◆ Goal of the exercise ◆
In the listing below, find the line containing "Hey third grade, for" and the line containing "In 6.5, we're". Repeat exactly those two lines and every line between them, nothing more.

◆ Data excerpts ◆
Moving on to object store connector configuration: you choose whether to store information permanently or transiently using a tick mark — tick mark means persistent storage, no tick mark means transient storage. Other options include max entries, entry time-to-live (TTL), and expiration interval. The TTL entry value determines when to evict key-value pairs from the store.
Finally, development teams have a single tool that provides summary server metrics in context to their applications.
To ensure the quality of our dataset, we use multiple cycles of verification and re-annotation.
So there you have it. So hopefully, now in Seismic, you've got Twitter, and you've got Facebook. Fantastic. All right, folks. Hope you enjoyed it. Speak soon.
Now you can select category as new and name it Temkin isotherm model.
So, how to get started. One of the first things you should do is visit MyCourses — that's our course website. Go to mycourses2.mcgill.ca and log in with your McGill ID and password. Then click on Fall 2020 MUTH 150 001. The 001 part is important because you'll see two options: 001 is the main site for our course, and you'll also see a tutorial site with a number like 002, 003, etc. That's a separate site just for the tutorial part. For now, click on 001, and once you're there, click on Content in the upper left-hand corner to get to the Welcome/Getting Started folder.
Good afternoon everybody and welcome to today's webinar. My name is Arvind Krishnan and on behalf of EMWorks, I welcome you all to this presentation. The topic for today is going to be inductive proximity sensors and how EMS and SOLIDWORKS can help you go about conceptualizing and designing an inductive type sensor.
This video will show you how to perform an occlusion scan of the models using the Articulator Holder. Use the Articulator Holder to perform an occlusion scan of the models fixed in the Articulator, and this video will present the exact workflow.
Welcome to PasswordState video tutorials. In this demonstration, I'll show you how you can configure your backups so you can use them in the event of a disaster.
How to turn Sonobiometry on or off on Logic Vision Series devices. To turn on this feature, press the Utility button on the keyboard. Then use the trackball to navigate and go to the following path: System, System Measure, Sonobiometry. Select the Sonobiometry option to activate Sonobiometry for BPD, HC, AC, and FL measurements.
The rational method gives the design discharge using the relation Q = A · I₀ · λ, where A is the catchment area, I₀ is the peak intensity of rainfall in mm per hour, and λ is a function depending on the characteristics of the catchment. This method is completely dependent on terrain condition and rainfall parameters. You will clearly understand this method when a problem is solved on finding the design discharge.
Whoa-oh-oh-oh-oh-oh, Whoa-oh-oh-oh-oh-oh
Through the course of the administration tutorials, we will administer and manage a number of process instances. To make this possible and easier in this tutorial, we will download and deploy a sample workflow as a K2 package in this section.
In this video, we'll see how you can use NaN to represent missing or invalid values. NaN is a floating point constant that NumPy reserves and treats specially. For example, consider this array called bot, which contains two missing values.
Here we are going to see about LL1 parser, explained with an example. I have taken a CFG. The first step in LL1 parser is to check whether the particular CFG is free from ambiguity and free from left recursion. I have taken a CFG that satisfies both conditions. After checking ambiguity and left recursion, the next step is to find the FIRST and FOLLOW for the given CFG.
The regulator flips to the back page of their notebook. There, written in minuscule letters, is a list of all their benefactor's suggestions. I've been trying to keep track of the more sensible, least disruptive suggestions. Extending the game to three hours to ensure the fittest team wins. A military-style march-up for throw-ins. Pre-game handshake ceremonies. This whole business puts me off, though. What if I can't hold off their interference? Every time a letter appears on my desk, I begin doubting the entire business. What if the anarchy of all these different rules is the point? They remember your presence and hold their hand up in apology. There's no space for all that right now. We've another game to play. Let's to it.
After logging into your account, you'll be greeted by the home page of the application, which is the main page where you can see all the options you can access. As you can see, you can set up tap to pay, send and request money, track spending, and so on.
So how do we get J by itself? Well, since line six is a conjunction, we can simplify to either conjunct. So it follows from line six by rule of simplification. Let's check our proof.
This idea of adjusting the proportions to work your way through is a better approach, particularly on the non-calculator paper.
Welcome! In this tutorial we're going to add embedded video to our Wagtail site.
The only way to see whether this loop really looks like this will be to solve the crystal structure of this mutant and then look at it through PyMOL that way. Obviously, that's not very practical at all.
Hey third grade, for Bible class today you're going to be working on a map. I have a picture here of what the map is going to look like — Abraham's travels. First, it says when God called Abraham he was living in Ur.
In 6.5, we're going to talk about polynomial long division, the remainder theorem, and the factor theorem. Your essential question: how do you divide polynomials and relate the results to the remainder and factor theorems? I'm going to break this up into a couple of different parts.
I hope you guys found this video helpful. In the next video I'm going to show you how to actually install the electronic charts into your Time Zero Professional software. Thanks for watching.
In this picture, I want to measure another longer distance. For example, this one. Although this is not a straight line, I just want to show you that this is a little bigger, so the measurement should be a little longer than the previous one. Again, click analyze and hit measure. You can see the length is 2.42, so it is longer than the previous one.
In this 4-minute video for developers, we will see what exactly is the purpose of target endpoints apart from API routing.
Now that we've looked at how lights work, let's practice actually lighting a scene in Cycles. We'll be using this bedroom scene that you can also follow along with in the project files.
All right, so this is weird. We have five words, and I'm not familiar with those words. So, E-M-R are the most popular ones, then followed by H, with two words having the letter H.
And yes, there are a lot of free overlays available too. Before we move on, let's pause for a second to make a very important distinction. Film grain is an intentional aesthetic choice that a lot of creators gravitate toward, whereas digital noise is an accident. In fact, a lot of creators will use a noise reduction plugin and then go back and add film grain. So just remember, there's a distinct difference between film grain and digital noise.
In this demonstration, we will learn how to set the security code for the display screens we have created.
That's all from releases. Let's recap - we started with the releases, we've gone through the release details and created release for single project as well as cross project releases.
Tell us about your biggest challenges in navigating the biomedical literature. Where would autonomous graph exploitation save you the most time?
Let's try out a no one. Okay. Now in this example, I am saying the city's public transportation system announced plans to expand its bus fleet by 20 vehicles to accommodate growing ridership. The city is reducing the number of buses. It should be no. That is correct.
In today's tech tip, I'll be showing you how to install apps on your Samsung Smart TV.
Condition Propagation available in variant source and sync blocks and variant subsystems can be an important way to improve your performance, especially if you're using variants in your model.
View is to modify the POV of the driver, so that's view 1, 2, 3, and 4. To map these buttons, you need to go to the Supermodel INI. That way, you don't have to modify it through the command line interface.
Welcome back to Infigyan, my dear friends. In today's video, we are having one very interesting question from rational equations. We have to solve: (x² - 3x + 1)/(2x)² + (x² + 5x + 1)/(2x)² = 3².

◆ The answer ◆
Hey third grade, for Bible class today you're going to be working on a map. I have a picture here of what the map is going to look like — Abraham's travels. First, it says when God called Abraham he was living in Ur.
In 6.5, we're going to talk about polynomial long division, the remainder theorem, and the factor theorem. Your essential question: how do you divide polynomials and relate the results to the remainder and factor theorems? I'm going to break this up into a couple of different parts.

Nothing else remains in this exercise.